Of all contemporary fiction writers, I love Houellebecq more than any other (apart from maybe Don Delilo). Books like “Atomised”, “Platform” and “The Possibility Of An Island” never shirk tackling big, contemporary themes. I’d never read “Whatever,” his slighter (though no less immodest) opening salvo. The broadside that launched him on to the world.

The book offers a fledgling style and voice pumping their wing muscles in a dry run. The disdain for humanity is evident. An ennui with attitude. Unlike the sneer of say Will Self, Houellebecq’s tone makes me envision him dog end in the corner of his mouth, oscillating with each barb that pours from his mouth to the page as he assigns it to his protagonist – also portrayed as a chain-smoker. Self you would imagine would deliver his acerbic comment on whoever is unfortunate enough to stray into the protagonist’s view, straight between your eyes, ramrod straight back. Houellebecq all shrugged and hunched shoulders probably delivers it into your navel. He is not above a weary permission for someone to do something asinine or to feel forlorn ("I found nothing to object to in it" in reference to a priest's homily. All grist to his silted-up mill).

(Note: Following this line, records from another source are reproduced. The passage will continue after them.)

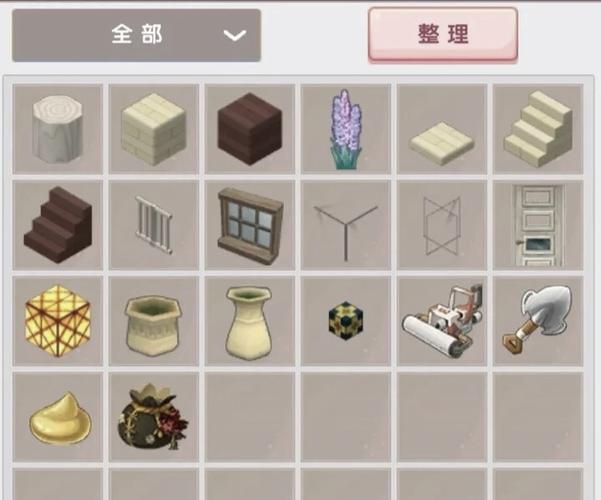 迷你世界新手小屋建造教程图标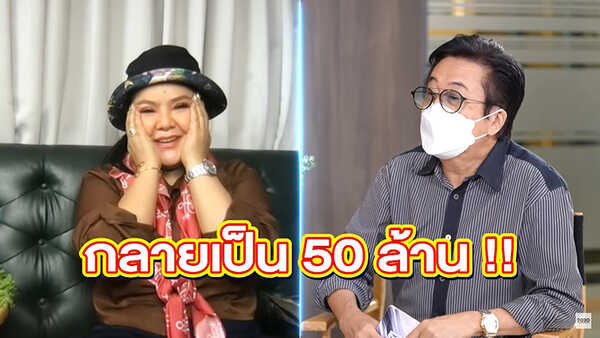 ฮาย อาภาพร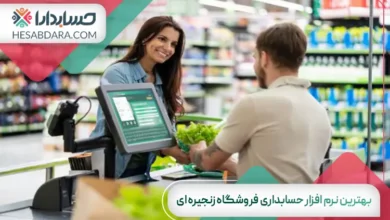 بهترین نرم افزار حسابداری فروشگاه زنجیره ای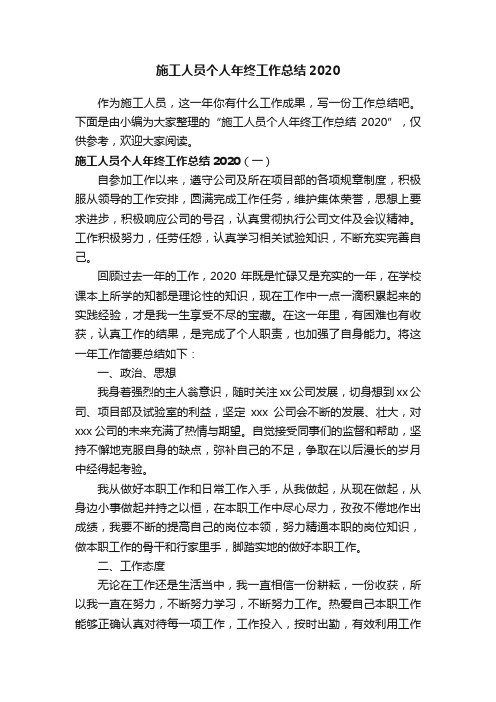 施工人员个人年终工作总结2020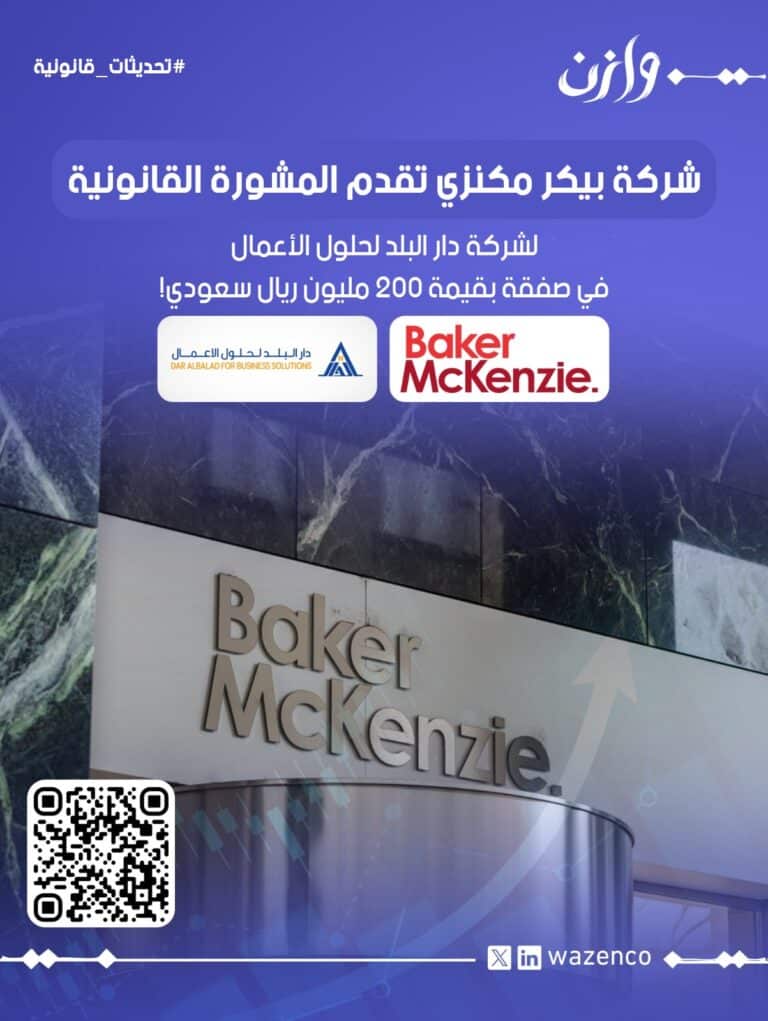 WhatsApp Image 2026 05 24 at 3 42 45 PM 768x1021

The protagonist is a man who trains minor French civil servants in new computer technology. He goes on a mini three-town tour within France on assignment. His colleague is a 30-year-old gargoyle virgin, desperate to get laid. Where Sartre and Camus have “Nausea” and “Plague” respectively, an existential sickness of the human soul, Houellebecq’s ‘outsider’ suffers a pericardial, a non-threatening sickness surrounding the heart. It is less philosophical and more social. Kafka’s protagonists are victims of missing files and data getting mixed up. Houellebecq’s has all the data at his tidy, efficient hand, but that there is simply too much data in modern life, none of which means a jot. And this in 1994 before the blogosphere really took off.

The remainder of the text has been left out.